This normalization eliminates the difficulties associated with considering absolute PL intensities and will facilitate the comparison of data from different samples. Figure 5 Comparison of experimental data and results of the rate equation model. Solid points: the ratio of the PL intensity at magnetic field I(B) to that at zero field I(B = 0) (red circles and blue squares: high and low O2 concentrations, respectively); lines:
predictions of the rate equation model for I(B)/I(B = 0) keeping all parameters constant except those related to the oxygen concentration and for a series EPZ-6438 mouse of temperatures (upper to lower curves) of 1.5 to 4.5 K in 1-K steps. Figure 5 also shows calculated results based on the above model, in which we take a set of parameters based on the recent literature.
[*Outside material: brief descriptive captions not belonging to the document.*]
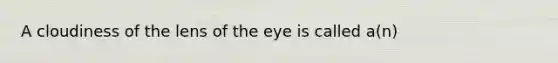 A cloudiness of the lens of the eye is called a(n)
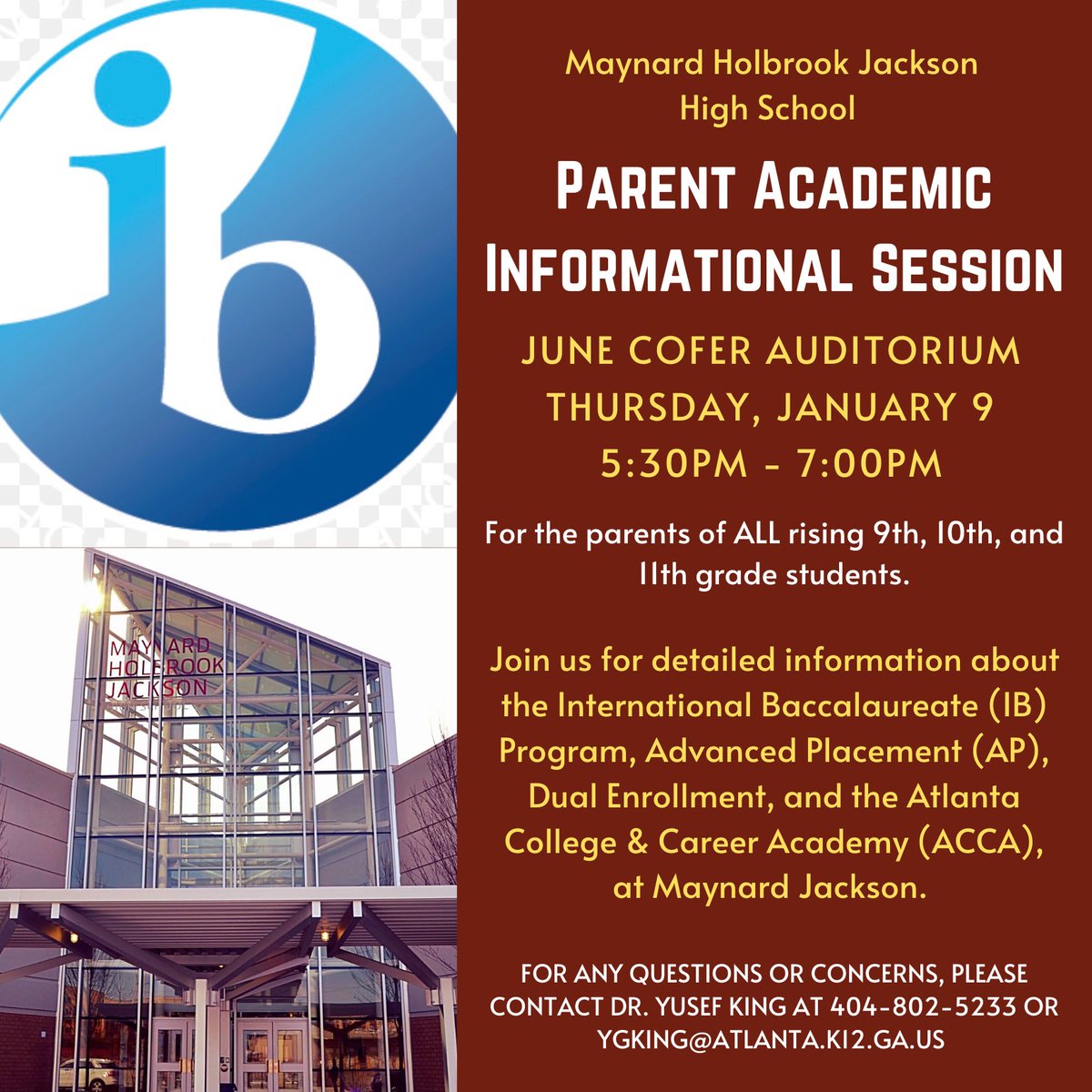 Join us on the evening of Thursday, January 9, to receive all the information you need about the academic options at Maynard Jackson High School (including IB, AP, Dual Enrollment, and ACCA). We look forward to seeing you then!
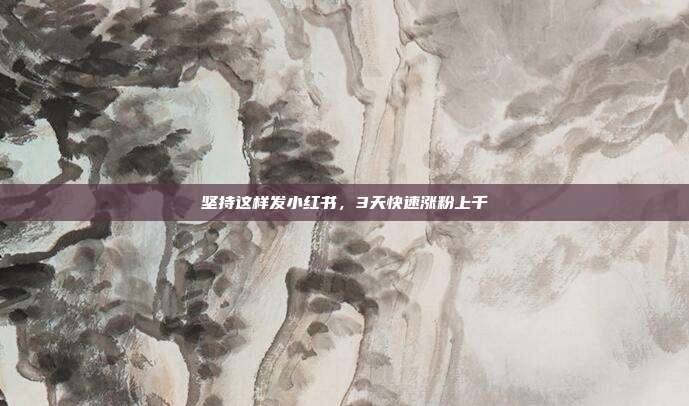 坚持这样发小红书，3天快速涨粉上千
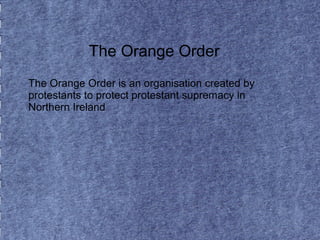 The Orange Order 
The Orange Order is an organisation created by 
protestants to protect protestant supremacy in 
Northern Ireland 
 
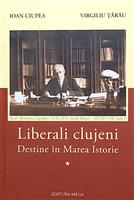 Liberali clujeni. Destine in marea istorie vol. 1 + 2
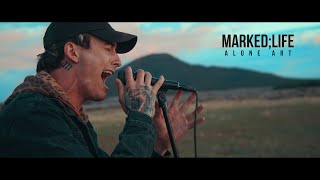 Marked;Life - Alone Art (OFFICIAL MUSIC VIDEO)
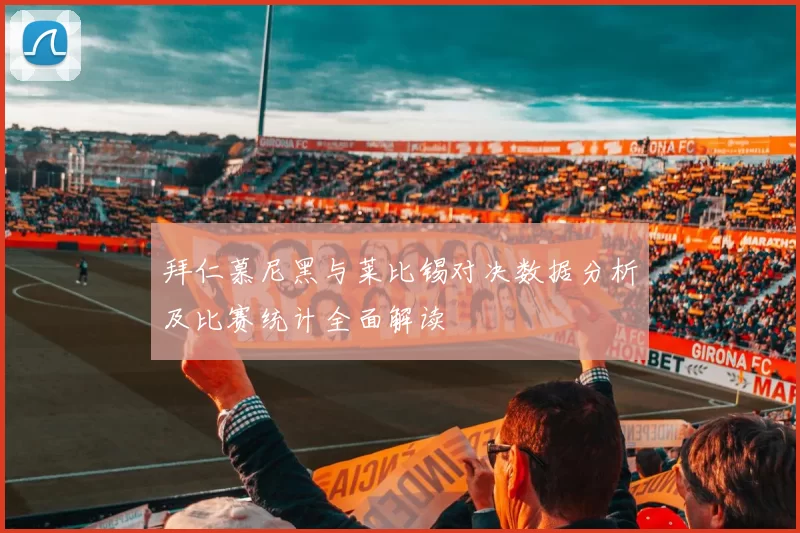 拜仁慕尼黑与莱比锡对决数据分析及比赛统计全面解读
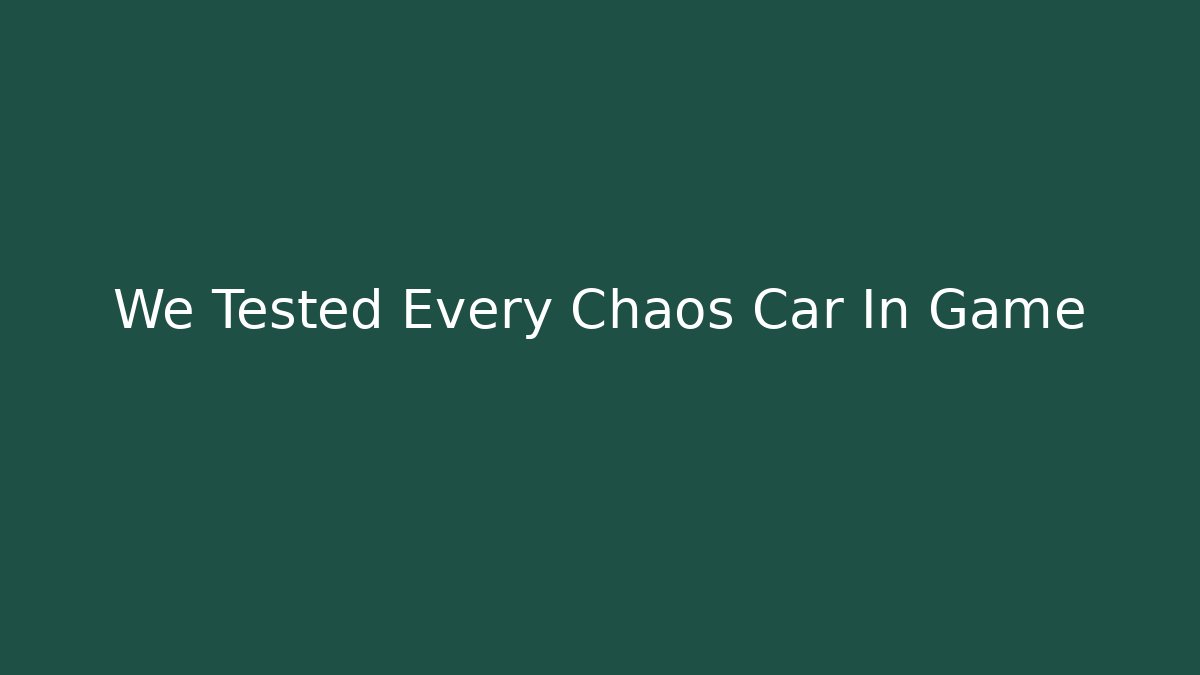 We Tested Every Chaos Car In Game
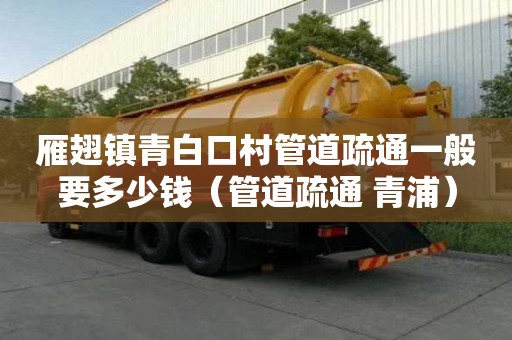 雁翅鎮(zhèn)青白口村管道疏通一般要多少錢(管道疏通 青浦) 雁翅鎮(zhèn)青白口村管道疏通一般要多少錢(管道疏通 青浦)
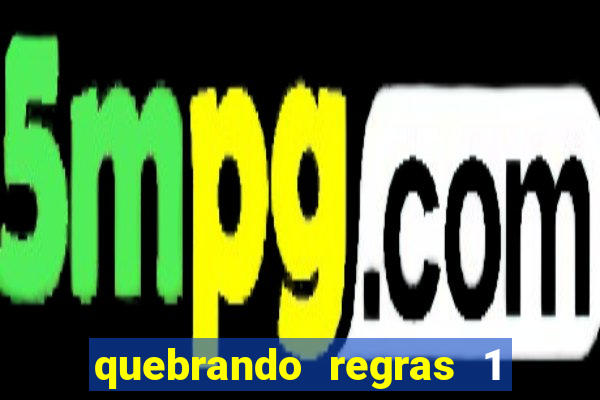 quebrando regras 1 filme completo dublado mega filmes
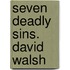 Seven Deadly Sins. David Walsh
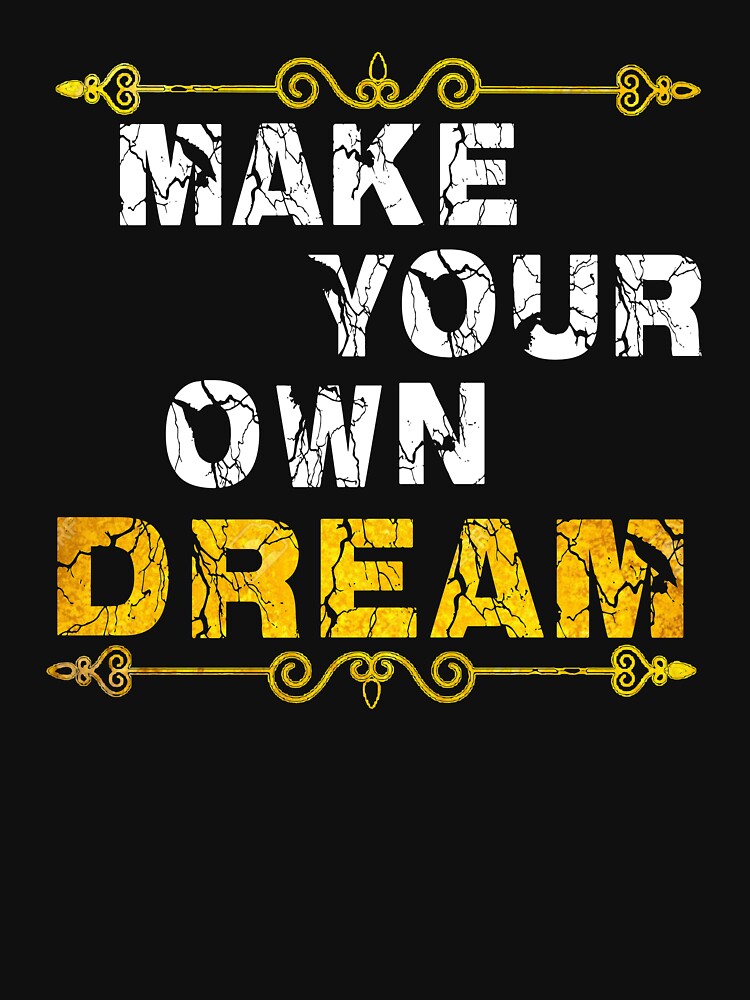 make your own dream by ishako online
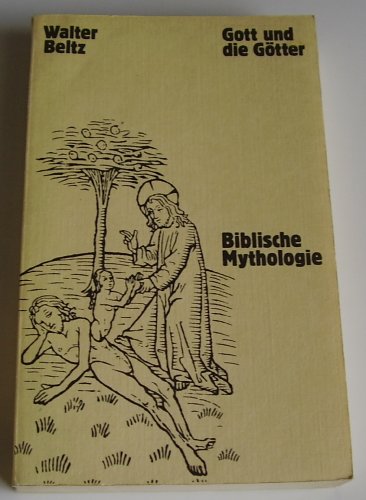 Gott und die Götter biblische Mythologie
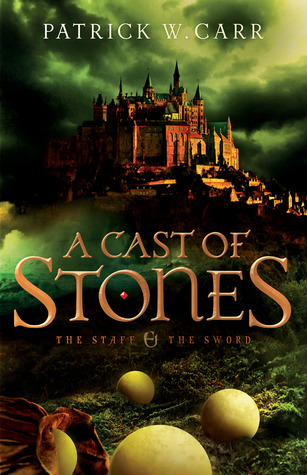 A Cast of Stones by Patrick W. Carr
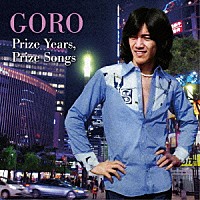 野口五郎「 ＧＯＲＯ　Ｐｒｉｚｅ　Ｙｅａｒｓ，Ｐｒｉｚｅ　Ｓｏｎｇｓ　～五郎と生きた昭和の歌たち～」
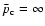 $\bar{p}_{\rm c}=\infty$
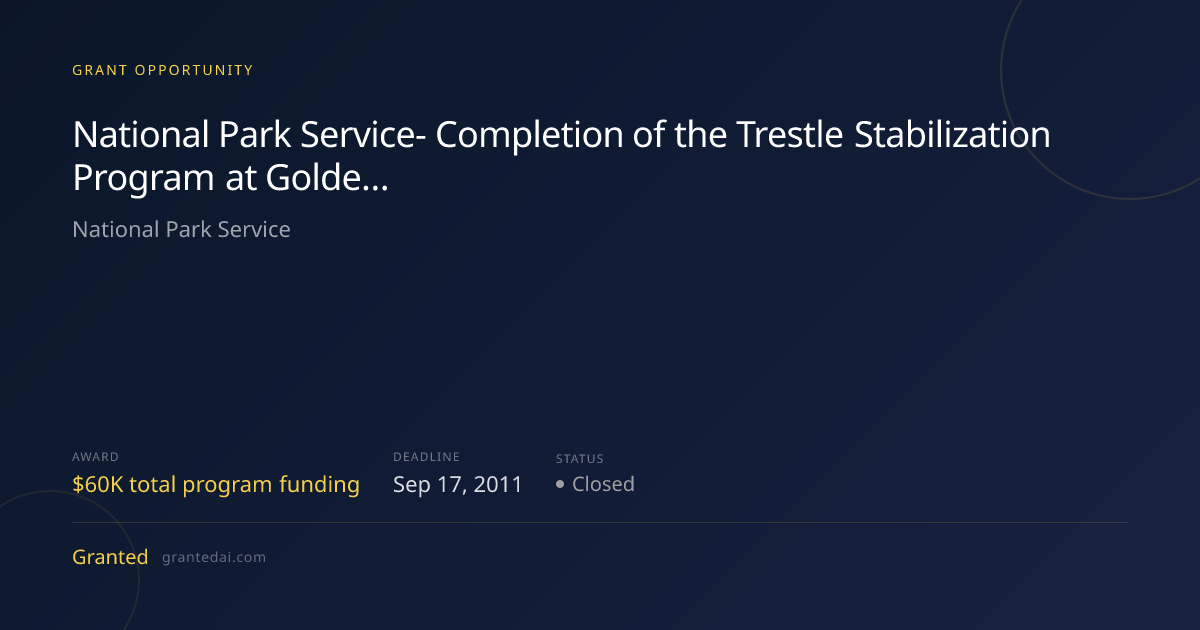 National Park Service- Completion of the Trestle Stabilization Program ...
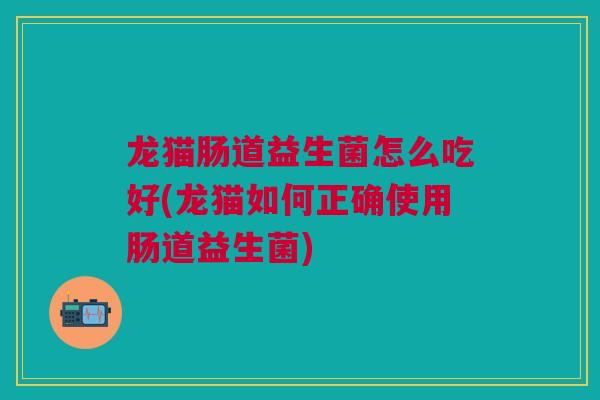 龙猫肠道益生菌怎么吃好(龙猫如何正确使用肠道益生菌)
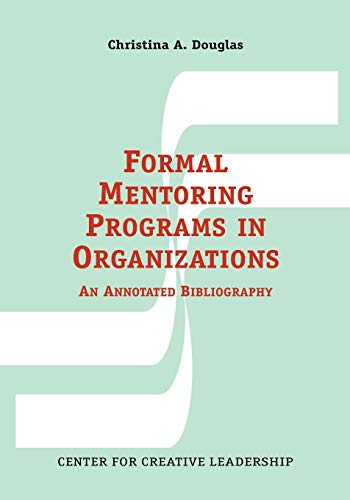 Imagen de archivo de Formal Mentoring Programs in Organizations: An Annotated Bibliography a la venta por ThriftBooks-Atlanta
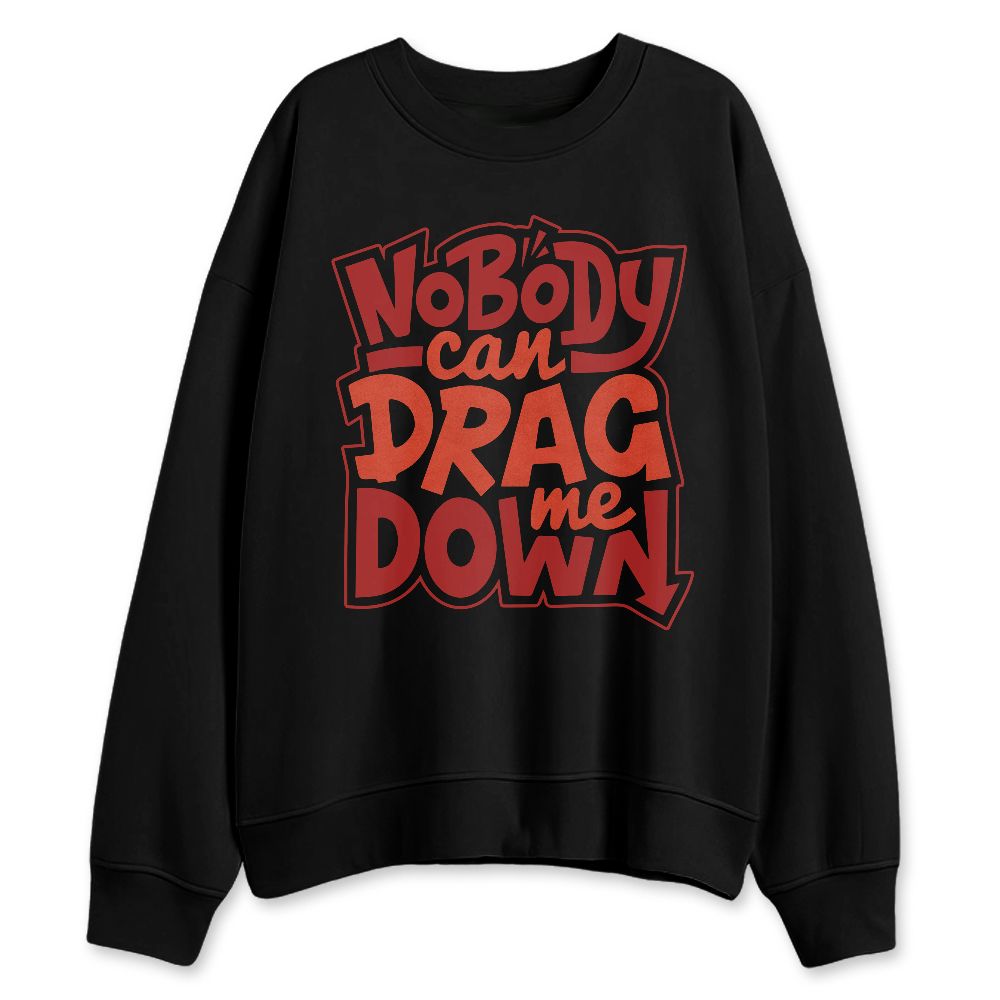 Brick-By-Brick-4s-NastyJamz-Sweatshirt-Match-Cant-Drag-Me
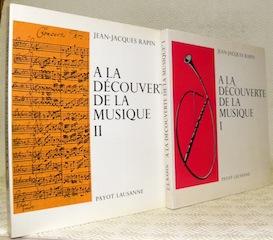 Imagen del vendedor de A la dcouverte de la musique. 2 Volumes. a la venta por Bouquinerie du Varis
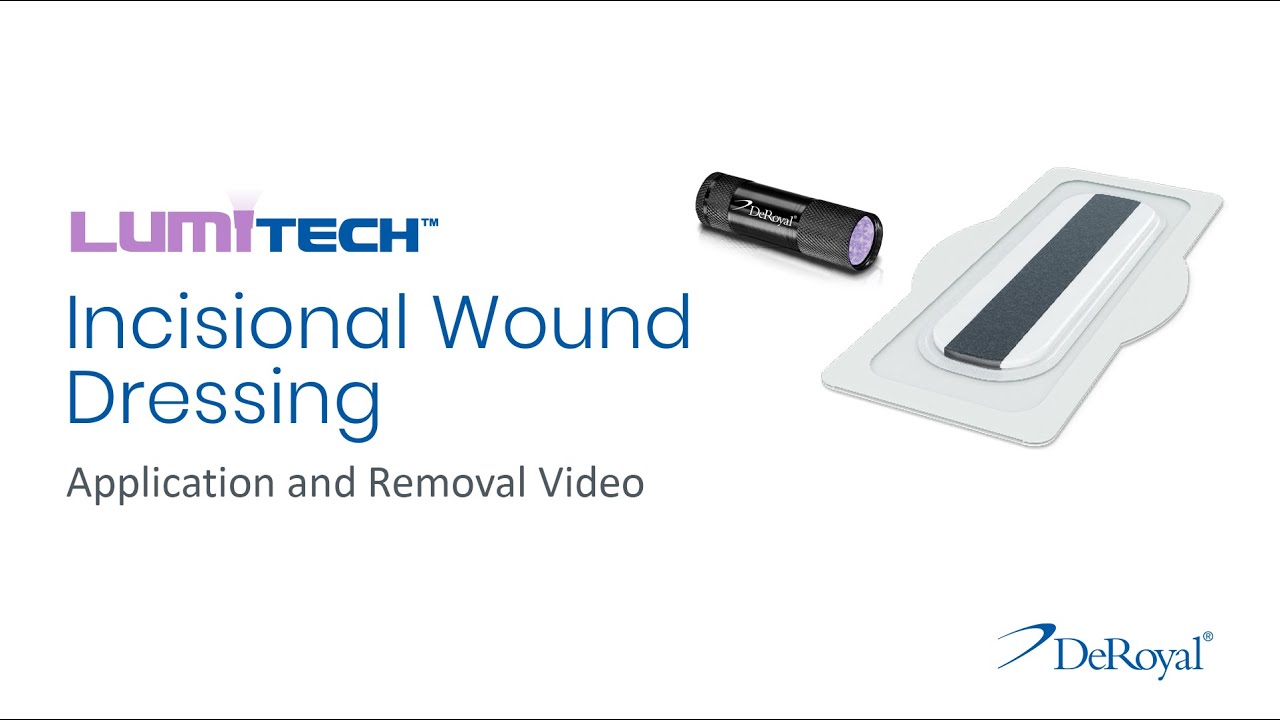 Lumitech™ Incisional Wound Dressing Application & Removal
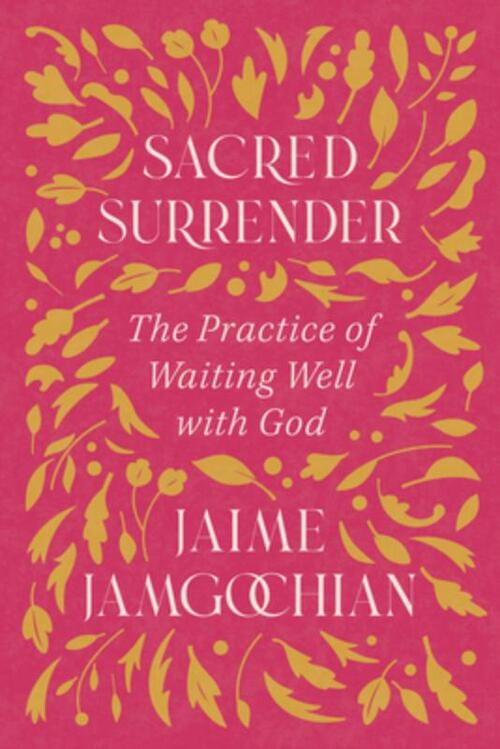 Sacred Surrender: The Practice of Waiting Well with God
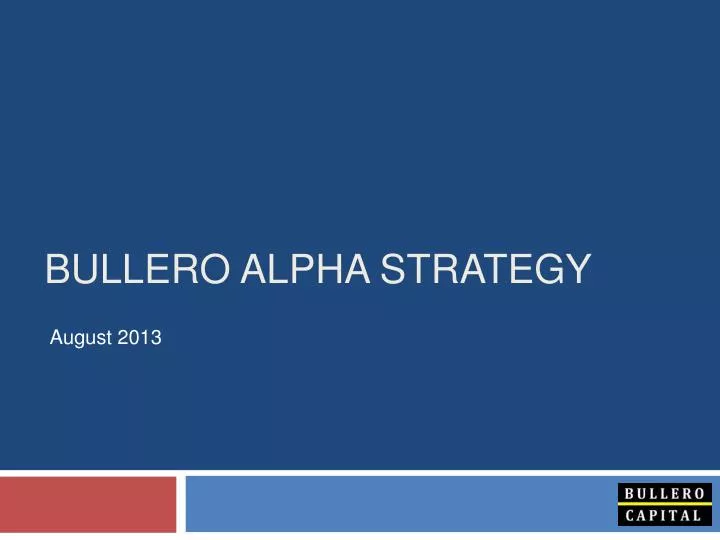 bullero alpha strategy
These are summarised in Table 1. For the two sets of experimental data, we maintain all parameters at the same values, except for those associated with the energy transfer process itself: these are F, which expresses the proportion of NPs without oxygen, and the transfer rate t, which decreases as the probability of an
NP having multiple O2 molecules available increases. Table 1 Parameters used in modelling (inverse rates, in seconds) This work Typical Source Low O 2 High O 2 Silicon NP 10-5 10-5 10-5 to 10-2 [13] 10-5 10-5 γ -1 10-7 10-7 P -1 1/45
1/45 Oxygen F 0.75 0.85 R -1 4 × 10-3 4 × 10-3 GSK2879552 clinical trial β -1 2 × 10-7 2 × 10-7 t -1 10-5 2 × 10-7 2.6 × 10-6 [12] The fraction F of NPs with adsorbed oxygen was varied from 0.75 (Figures 1 and 5, blue) to 0.85 (Figures 2 and 5, red), and 1/t varied from 10-5 to 10-7 s. More work is needed before we would attempt to interpret these parameters directly, but we note that these transfer times are in good agreement with previously measured values Phospholipase D1 [12], and as is necessary for the evenly matched competition between radiative recombination and energy transfer, they are comparable to the radiative lifetimes 1/r 1,1/r 0 [13]. In the simulations, we also varied the temperature, since the field at which the PL recovery approaches saturation is sensitive to the relationship between g μ B B and kT. As can be seen from Figure 5, the simulations agree well with the experimental results taking the nominal experimental temperature of 1.5 K. We will report elsewhere on studies of the excitation intensity dependence of the effect; there, we find we must take into Combretastatin A4 mouse account an increase in temperature for high excitation intensities (here, these were the same for Figures 1 and 2 and were low).